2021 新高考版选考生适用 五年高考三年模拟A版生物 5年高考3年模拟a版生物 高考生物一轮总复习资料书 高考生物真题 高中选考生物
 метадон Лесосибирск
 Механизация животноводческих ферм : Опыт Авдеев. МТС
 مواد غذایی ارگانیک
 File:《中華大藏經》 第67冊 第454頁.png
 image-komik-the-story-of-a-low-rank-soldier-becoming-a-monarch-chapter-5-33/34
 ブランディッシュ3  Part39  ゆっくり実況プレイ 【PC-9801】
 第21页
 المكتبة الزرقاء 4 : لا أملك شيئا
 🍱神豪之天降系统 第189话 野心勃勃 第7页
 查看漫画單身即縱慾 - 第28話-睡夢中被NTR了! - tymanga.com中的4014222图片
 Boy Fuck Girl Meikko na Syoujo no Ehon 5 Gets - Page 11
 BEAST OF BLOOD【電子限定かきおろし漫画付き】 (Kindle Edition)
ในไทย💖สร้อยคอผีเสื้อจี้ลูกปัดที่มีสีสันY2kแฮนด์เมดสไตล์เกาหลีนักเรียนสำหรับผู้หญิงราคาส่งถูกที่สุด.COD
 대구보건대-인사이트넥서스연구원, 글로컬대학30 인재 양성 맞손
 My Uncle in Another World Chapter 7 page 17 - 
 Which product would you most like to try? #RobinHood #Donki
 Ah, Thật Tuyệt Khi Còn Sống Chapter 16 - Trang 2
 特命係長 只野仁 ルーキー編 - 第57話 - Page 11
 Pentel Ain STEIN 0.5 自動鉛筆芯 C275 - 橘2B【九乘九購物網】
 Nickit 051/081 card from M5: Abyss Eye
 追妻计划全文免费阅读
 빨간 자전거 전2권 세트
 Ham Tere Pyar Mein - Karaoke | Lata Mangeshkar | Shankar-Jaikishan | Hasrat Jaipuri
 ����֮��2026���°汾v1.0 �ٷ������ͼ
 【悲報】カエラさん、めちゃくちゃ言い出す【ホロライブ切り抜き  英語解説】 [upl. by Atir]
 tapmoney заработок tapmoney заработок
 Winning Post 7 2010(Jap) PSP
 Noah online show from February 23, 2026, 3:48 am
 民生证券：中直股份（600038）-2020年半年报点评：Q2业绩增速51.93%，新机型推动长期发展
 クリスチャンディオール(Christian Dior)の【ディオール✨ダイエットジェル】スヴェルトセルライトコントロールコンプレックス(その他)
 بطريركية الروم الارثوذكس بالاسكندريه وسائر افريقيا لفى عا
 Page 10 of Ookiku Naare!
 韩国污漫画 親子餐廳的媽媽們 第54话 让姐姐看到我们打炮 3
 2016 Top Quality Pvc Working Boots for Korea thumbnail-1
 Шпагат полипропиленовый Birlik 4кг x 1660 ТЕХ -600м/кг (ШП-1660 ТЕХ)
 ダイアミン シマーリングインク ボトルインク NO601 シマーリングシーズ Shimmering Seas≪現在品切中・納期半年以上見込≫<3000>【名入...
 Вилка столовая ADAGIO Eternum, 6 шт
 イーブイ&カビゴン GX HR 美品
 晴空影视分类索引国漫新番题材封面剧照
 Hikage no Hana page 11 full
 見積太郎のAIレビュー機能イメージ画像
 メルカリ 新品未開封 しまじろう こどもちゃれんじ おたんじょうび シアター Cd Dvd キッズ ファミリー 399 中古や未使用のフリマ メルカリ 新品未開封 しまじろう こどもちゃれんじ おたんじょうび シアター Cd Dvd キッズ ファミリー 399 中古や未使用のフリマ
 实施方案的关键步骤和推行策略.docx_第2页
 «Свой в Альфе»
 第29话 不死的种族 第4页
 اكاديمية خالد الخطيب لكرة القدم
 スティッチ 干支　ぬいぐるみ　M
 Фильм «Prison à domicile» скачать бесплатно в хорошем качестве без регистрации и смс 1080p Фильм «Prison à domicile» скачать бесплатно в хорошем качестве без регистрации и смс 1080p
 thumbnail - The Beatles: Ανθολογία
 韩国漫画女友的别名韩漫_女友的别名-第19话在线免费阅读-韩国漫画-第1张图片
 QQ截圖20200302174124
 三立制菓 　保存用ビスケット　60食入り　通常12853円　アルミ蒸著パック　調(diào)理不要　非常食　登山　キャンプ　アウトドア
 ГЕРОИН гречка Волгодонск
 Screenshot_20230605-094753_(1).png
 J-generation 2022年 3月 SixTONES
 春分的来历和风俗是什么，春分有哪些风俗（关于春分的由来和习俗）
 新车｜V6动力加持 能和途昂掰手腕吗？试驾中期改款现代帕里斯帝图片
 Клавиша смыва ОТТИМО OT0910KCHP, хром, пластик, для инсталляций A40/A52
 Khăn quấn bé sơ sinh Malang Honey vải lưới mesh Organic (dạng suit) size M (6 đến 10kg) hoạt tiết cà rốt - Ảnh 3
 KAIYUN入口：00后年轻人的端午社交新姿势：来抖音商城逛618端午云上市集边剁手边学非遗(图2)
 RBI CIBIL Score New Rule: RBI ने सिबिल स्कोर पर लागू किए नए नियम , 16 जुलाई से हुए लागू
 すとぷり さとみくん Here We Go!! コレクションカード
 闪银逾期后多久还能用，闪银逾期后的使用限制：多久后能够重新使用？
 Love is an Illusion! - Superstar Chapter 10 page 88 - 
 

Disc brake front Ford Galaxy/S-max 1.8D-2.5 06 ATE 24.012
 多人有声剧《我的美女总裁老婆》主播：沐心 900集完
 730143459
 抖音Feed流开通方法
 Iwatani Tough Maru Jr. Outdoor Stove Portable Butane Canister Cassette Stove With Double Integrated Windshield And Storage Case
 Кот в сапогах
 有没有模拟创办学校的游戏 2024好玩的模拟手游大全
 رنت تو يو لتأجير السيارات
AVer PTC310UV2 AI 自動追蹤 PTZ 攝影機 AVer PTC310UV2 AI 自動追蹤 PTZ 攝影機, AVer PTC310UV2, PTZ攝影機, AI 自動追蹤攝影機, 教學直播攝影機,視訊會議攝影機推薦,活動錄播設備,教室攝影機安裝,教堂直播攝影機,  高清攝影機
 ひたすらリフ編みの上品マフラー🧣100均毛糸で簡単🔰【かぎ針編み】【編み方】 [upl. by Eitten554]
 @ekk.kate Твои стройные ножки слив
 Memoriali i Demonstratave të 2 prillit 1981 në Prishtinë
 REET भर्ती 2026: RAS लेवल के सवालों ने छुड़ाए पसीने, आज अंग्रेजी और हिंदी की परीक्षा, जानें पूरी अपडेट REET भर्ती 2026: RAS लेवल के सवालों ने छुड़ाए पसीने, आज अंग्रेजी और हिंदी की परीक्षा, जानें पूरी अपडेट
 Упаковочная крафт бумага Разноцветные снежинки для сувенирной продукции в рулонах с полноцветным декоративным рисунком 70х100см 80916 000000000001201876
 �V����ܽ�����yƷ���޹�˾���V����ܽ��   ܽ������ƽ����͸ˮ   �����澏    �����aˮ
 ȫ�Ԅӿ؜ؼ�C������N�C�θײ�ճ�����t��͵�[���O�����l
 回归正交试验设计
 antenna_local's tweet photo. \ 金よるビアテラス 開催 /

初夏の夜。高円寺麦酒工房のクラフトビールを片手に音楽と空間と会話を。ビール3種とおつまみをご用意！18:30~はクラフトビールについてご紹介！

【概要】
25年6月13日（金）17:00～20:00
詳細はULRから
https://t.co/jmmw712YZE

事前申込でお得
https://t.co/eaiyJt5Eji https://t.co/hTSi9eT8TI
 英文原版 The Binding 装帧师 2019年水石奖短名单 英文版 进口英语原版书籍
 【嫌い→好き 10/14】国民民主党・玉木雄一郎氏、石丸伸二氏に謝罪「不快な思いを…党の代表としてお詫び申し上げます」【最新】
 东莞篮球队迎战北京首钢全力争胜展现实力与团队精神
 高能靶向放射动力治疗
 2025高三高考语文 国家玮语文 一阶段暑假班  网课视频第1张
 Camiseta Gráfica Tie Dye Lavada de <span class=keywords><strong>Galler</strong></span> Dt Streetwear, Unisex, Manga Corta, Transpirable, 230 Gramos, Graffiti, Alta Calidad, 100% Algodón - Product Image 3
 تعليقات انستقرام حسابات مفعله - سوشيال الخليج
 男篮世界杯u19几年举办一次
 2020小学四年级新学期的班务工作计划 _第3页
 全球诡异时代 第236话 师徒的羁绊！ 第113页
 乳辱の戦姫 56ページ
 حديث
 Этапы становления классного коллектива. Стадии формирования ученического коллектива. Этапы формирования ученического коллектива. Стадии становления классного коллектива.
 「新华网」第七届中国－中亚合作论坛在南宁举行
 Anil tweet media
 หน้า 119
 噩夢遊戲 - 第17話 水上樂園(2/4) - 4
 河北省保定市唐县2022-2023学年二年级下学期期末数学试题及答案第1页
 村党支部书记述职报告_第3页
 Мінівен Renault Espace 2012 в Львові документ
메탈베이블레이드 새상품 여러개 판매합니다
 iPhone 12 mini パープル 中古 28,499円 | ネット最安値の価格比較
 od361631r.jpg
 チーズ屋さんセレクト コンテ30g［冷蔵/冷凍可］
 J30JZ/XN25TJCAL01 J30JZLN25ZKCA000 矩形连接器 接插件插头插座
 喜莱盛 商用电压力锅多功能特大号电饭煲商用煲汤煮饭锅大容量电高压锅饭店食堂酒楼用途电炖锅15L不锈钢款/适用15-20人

══════════

▶ Activity
Only the lines above from the one with "thumbnail - The Beatles: Ανθολογία" up to and including the one with "Memoriali i Demonstratave" should be repeated, exactly as written.

▶ Task solution
 thumbnail - The Beatles: Ανθολογία
 韩国漫画女友的别名韩漫_女友的别名-第19话在线免费阅读-韩国漫画-第1张图片
 QQ截圖20200302174124
 三立制菓 　保存用ビスケット　60食入り　通常12853円　アルミ蒸著パック　調(diào)理不要　非常食　登山　キャンプ　アウトドア
 ГЕРОИН гречка Волгодонск
 Screenshot_20230605-094753_(1).png
 J-generation 2022年 3月 SixTONES
 春分的来历和风俗是什么，春分有哪些风俗（关于春分的由来和习俗）
 新车｜V6动力加持 能和途昂掰手腕吗？试驾中期改款现代帕里斯帝图片
 Клавиша смыва ОТТИМО OT0910KCHP, хром, пластик, для инсталляций A40/A52
 Khăn quấn bé sơ sinh Malang Honey vải lưới mesh Organic (dạng suit) size M (6 đến 10kg) hoạt tiết cà rốt - Ảnh 3
 KAIYUN入口：00后年轻人的端午社交新姿势：来抖音商城逛618端午云上市集边剁手边学非遗(图2)
 RBI CIBIL Score New Rule: RBI ने सिबिल स्कोर पर लागू किए नए नियम , 16 जुलाई से हुए लागू
 すとぷり さとみくん Here We Go!! コレクションカード
 闪银逾期后多久还能用，闪银逾期后的使用限制：多久后能够重新使用？
 Love is an Illusion! - Superstar Chapter 10 page 88 - 
 

Disc brake front Ford Galaxy/S-max 1.8D-2.5 06 ATE 24.012
 多人有声剧《我的美女总裁老婆》主播：沐心 900集完
 730143459
 抖音Feed流开通方法
 Iwatani Tough Maru Jr. Outdoor Stove Portable Butane Canister Cassette Stove With Double Integrated Windshield And Storage Case
 Кот в сапогах
 有没有模拟创办学校的游戏 2024好玩的模拟手游大全
 رنت تو يو لتأجير السيارات
AVer PTC310UV2 AI 自動追蹤 PTZ 攝影機 AVer PTC310UV2 AI 自動追蹤 PTZ 攝影機, AVer PTC310UV2, PTZ攝影機, AI 自動追蹤攝影機, 教學直播攝影機,視訊會議攝影機推薦,活動錄播設備,教室攝影機安裝,教堂直播攝影機,  高清攝影機
 ひたすらリフ編みの上品マフラー🧣100均毛糸で簡単🔰【かぎ針編み】【編み方】 [upl. by Eitten554]
 @ekk.kate Твои стройные ножки слив
 Memoriali i Demonstratave të 2 prillit 1981 në Prishtinë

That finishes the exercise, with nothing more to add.